Roush Racing confirms Viagra deal

Pill's name is set to be on Martin's car next year

Notebook

July 01, 2000|By Sandra McKee | Sandra McKee,SUN STAFF

DAYTONA BEACH, Fla. - Roush Racing and driver Mark Martin confirmed the speculation yesterday by unveiling their 2001 Winston Cup race car with the word Viagra sprawled all over it.

The announcement was billed as one of the season's biggest, but when time came to deliver the goods, all parties declined to say exactly what made the announcement so big.

How much money Pfizer Inc., maker of the anti-impotence drug for men, paid in the deal was the obvious answer. But not only wouldn't anyone give the number, they even found it difficult to pin down the deal's length. "Multiyear" was the best they could do.
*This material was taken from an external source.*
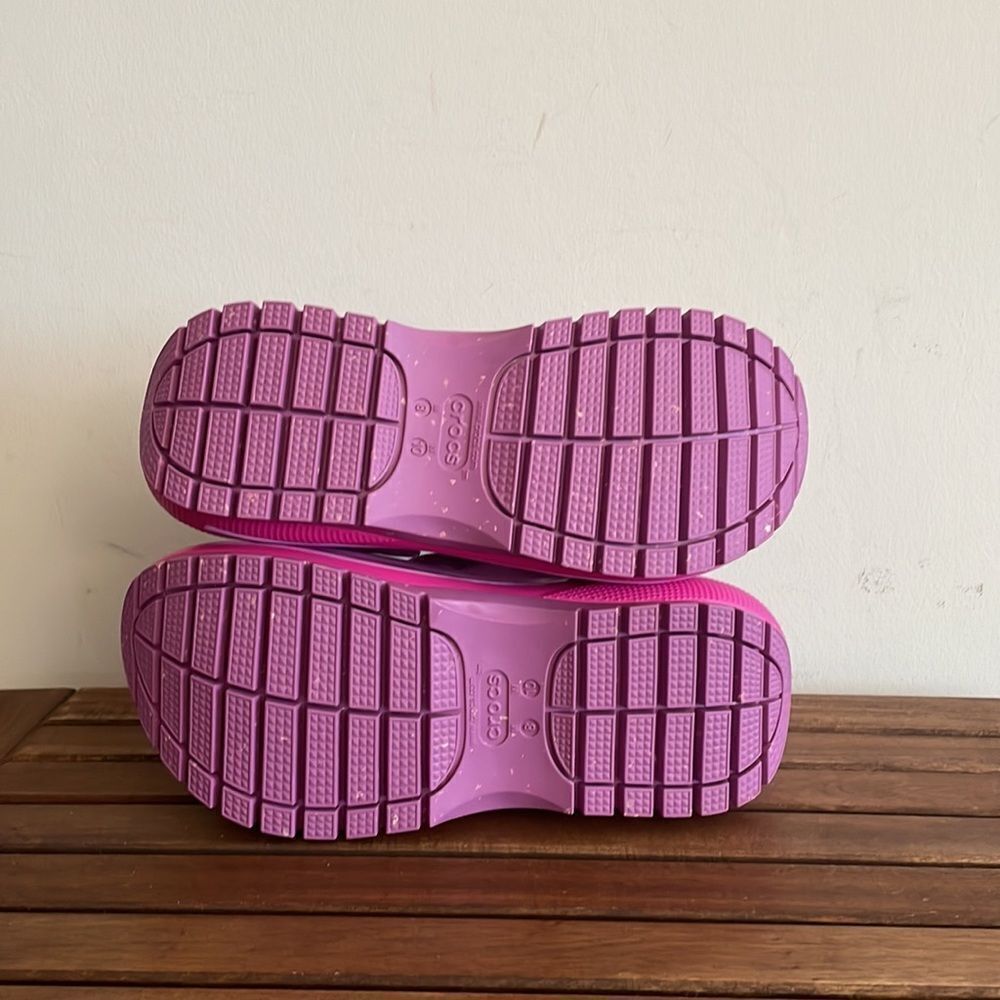 NWT Crocs Classic Mega Crush Platform Sandals Bubble Women Size 10 Men Size 8 - Picture 7 of 8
Martin did say his Roush contract runs through 2005, and, when pushed, added, "I do expect Viagra to be my sponsor through the end of my contract, but that's just my personal expectations."

The new deal, which replaces the long-standing sponsorship agreement among Roush, Martin and Valvoline, reportedly is worth about $12 million a year.

Gordon's double deal

Three-time Winston Cup champion Jeff Gordon and his owner Rick Hendrick announced their new agreement with DuPont in Charlotte a month ago, and, again, while Hendrick described it as "the largest deal in NASCAR," he also declined specifics.

Reports surrounding that deal suggest it ranges from $16 million to $20 million a year.

Yesterday, Hendrick Motorsports announced PepsiCo Inc. has entered a five-year deal involving all three of its divisions - Pepsi-Cola, Frito-Lay and Tropicana.

Part of that deal calls for Gordon to race his No. 24 DuPont Chevrolet in two Winston Cup races a season as the Pepsi car. The car will be painted in Pepsi colors, but Dupont's logo also will continue to be on the hood and quarterpanels.

Out of action

Washington/Irving Motorsports, which suffered through a disappointing early part of the season, has been missing from the Busch Grand National Series for the past few weeks.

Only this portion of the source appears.